WORKING DATA:

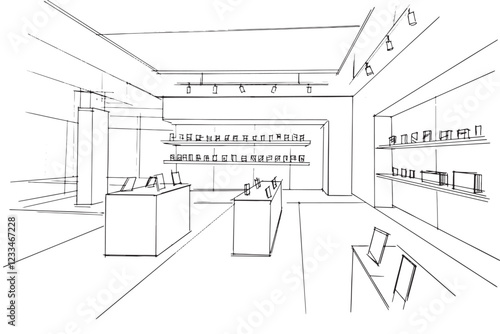 Drawing exterior and interior architectural lines. , Graphic assembly in architecture and interior design work. ,Sketch ideas for interior or exterior designs.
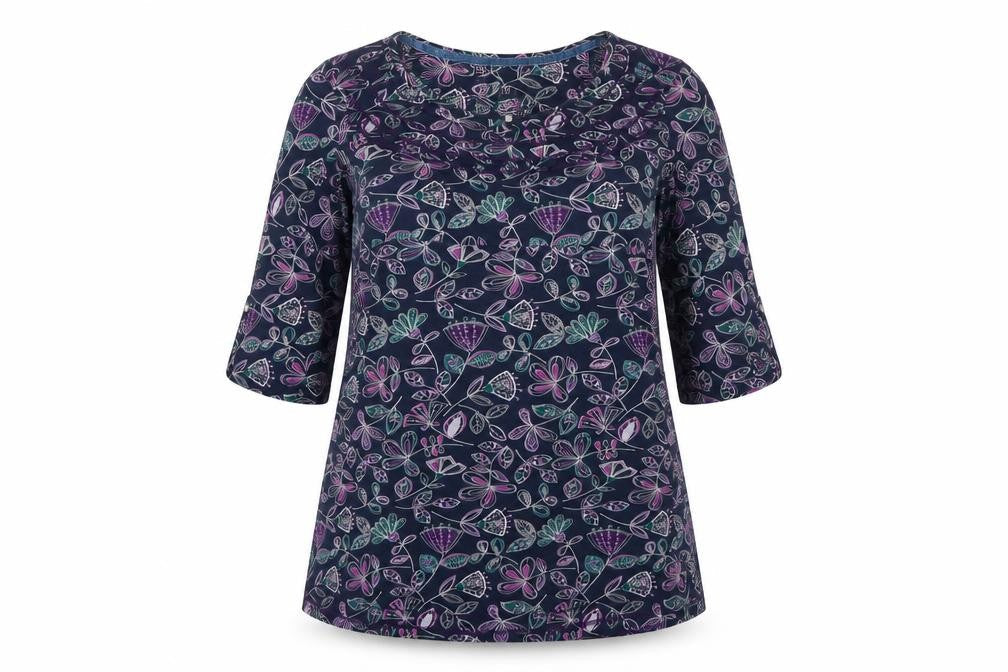 Mantaray Women’s Multicoloured Floral Tunic Blouse Size 18 3/4 Sleeve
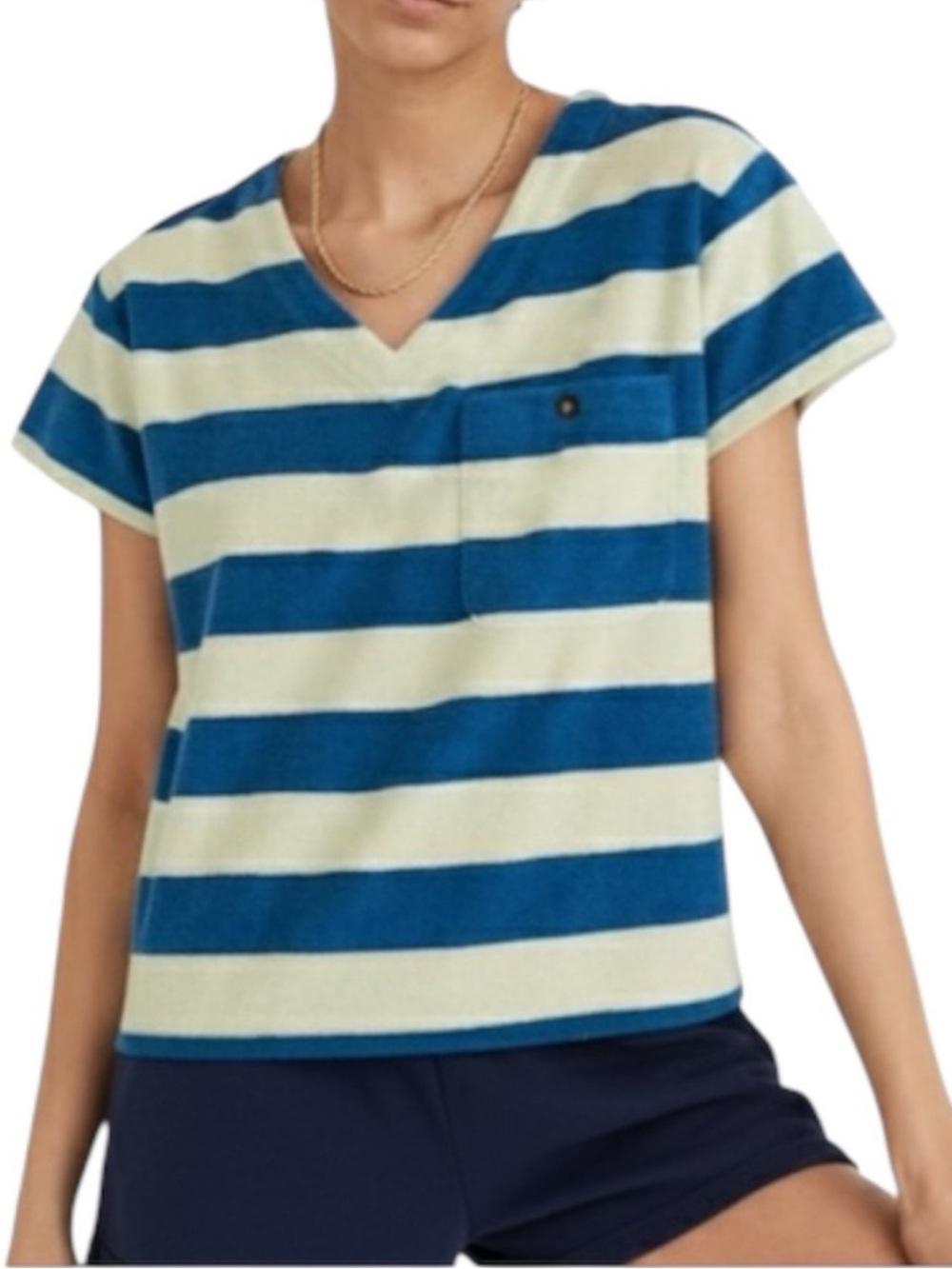 Madewell MWL Blue & Green V Neck Retroterry Rugby Striped Tee Size Medium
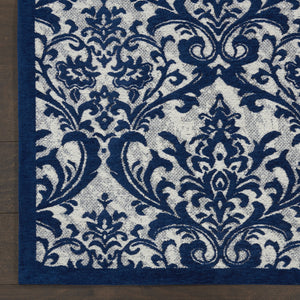 Homeroots 8' X 10' Navy Blue And Ivory Damask Distressed Area Rug  Cotton,Polyester 550983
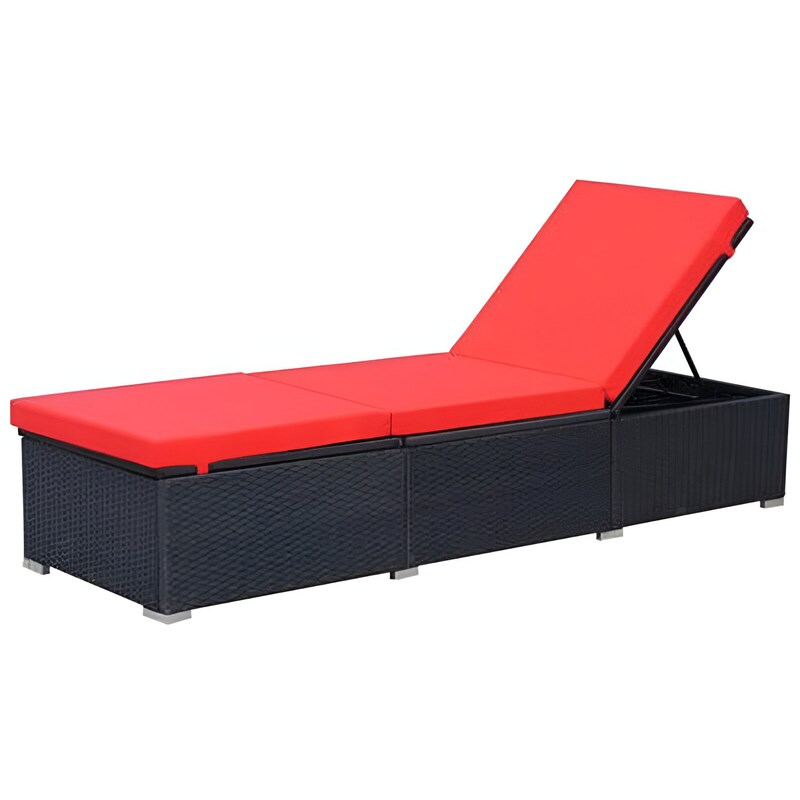 Ξαπλώστρα VidaXL με Μαξιλάρι από Συνθετικό Ρατάν 195x60x31 cm - Κόκκινο VIDAXL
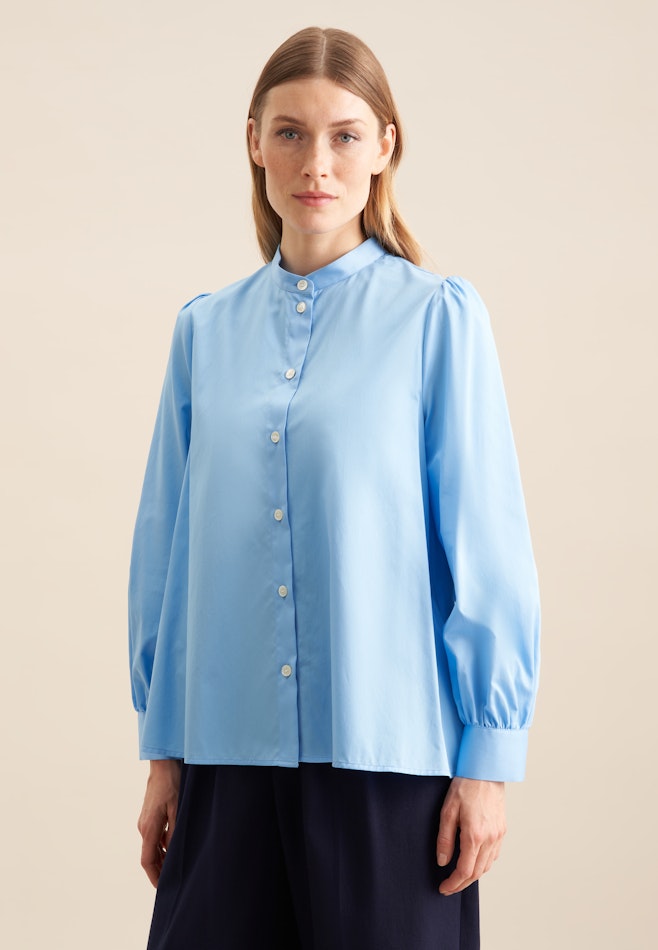 Stand collar blouse Uni in Medium Blue | Seidensticker online shop
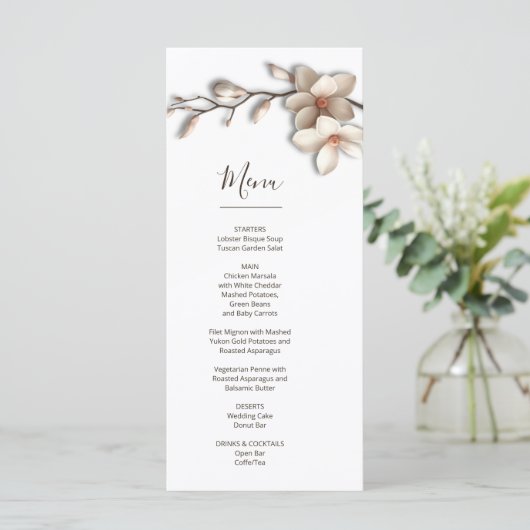 Menu Magnolia Sculptural 3D Flower (Debout devant)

TASK STATEMENT:
Your task is to reproduce exactly the lines from the one that holds "Homeroots 8' X" to the last line of the listing, and only those, omitting the pictures.

TASK RESPONSE:
 Homeroots 8' X 10' Navy Blue And Ivory Damask Distressed Area Rug  Cotton,Polyester 550983
 Ξαπλώστρα VidaXL με Μαξιλάρι από Συνθετικό Ρατάν 195x60x31 cm - Κόκκινο VIDAXL
 Stand collar blouse Uni in Medium Blue | Seidensticker online shop
 Menu Magnolia Sculptural 3D Flower (Debout devant)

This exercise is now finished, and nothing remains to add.